Четырнадцатый квартет открывается захватывающим — даже, если угодно, странным — вступлением, написанным в фугированном стиле; и о нем можно говорить как о предвестнике «Парсифаля». Менее чем за год до смерти Бетховен наглядно показал что его музыкальное воображение сохранило всю свою плодовитость; скорее он грешит избытком, излишеством, нежели скудостью. Слушая Квартет до-диез минор, спрашиваешь себя с изумлением, до каких пределов дошло бы дерзновение творца, если б ему даровано было еще несколько лет жизни. Одно лишь Allegro molto vivace — это целая музыкальная поэма, изящная, капризная, вызывающе оригинальная. В Andante и его вариациях музыкальный лиризм достигает едва ли не безграничного богатства формы, не доступного словесной поэзии; музыкальная выразительность отражает малейшие изменения, тончайшие оттенки мысли. Вспоминаются стихи, в которых Грильпарцер, развивая взгляды Новалиса, подытоживает свои размышления о могуществе музыки: «Владыка жизни, в своей мудрости, создал дневной и ночной миры.

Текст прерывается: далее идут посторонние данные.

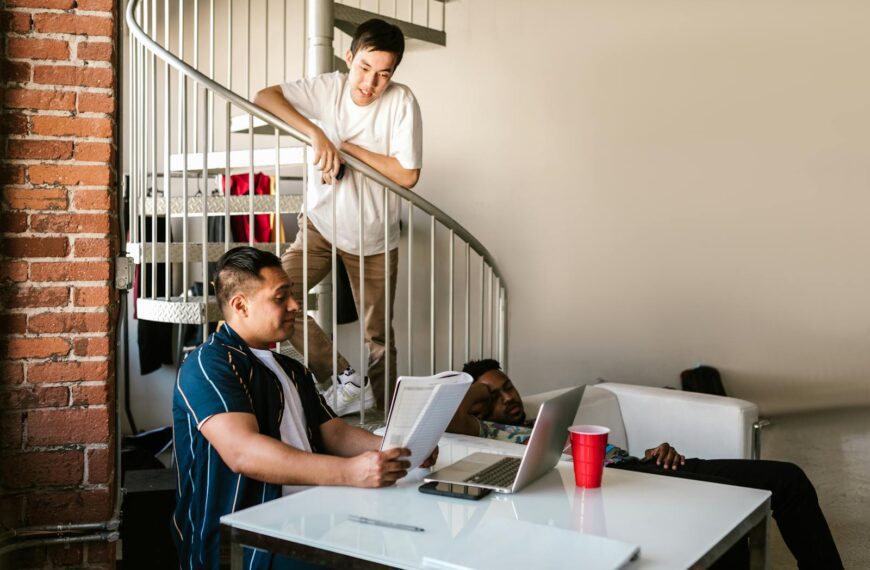 Young adults in an urban apartment discussing study materials around a spiral staircase.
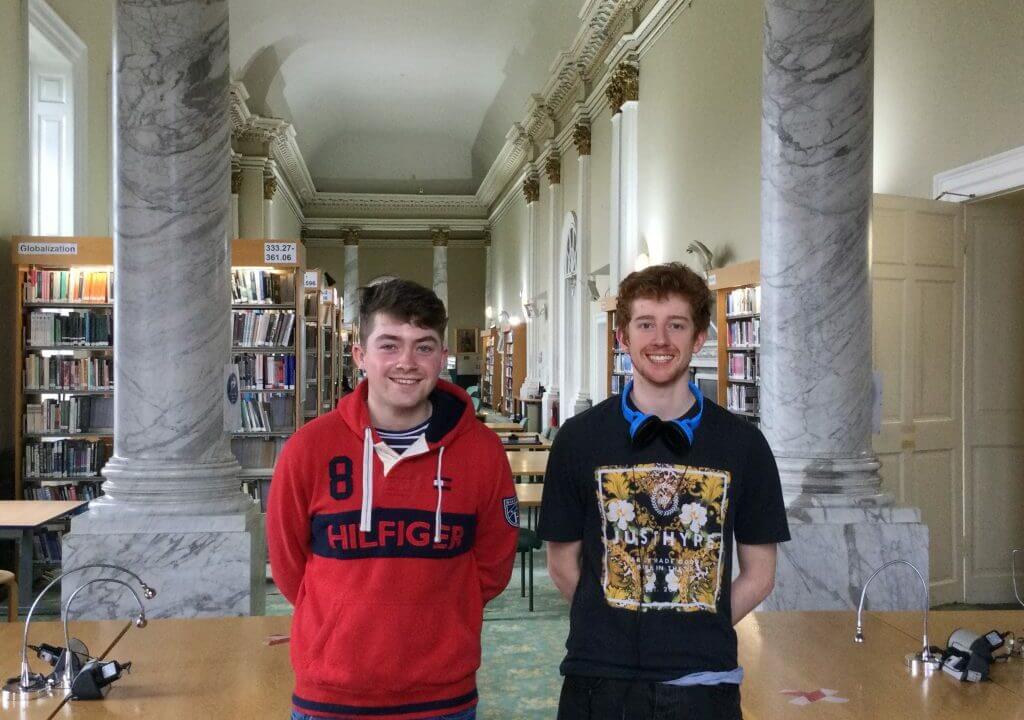 Two male students smiling in library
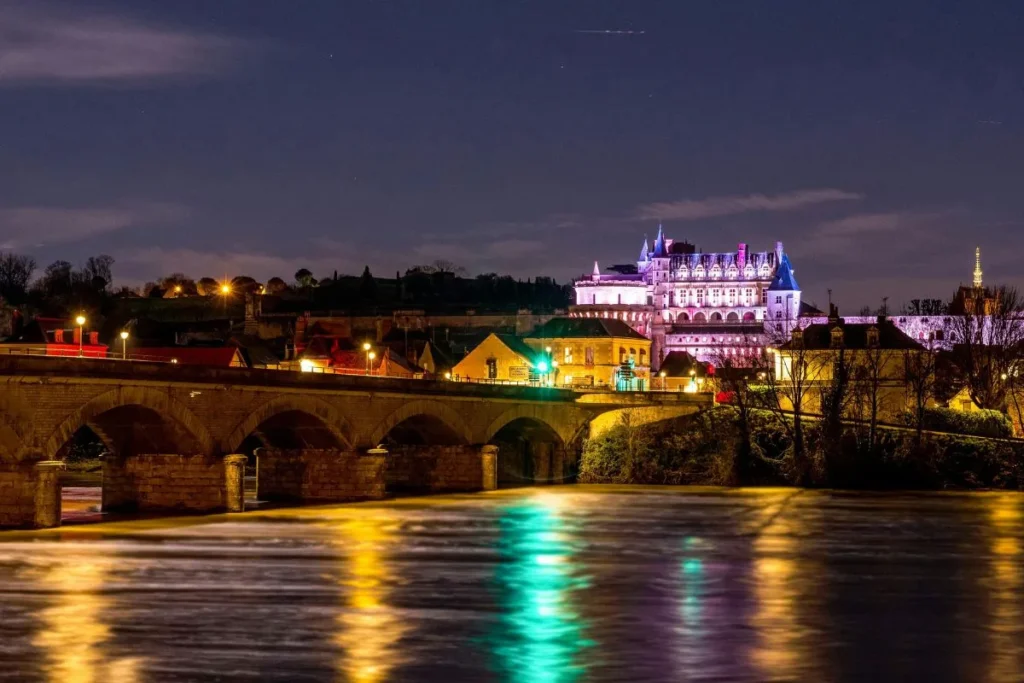 Vue nocturne du Château Royal d’Amboise illuminé avec le pont et les reflets sur la Loire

Поэзия — его день, во всем его лучезарном великолепии; музыка — ночь, раскрывающая нам иные миры». Перед тем как покинуть нас, Бетховен дает здесь, быть может, наиболее выразительный пример, утверждающий превосходство искусства, которому он посвятил себя; первоначальный росток, идея, развивается, расчленяется, преломляется, следуя сокровенным законам любого творчества; при каждом из этих изменений, при перемене тональности, ритма, тембра, у нас создается новое впечатление, либо мы внушаем себе это. Но в дальнейшем мы не спускаемся с вершин чистого духа. Человек, вкусивший восторженность этой музыки, свободен и спасен навсегда, он отныне повелевает самим собой и своим внутренним миром.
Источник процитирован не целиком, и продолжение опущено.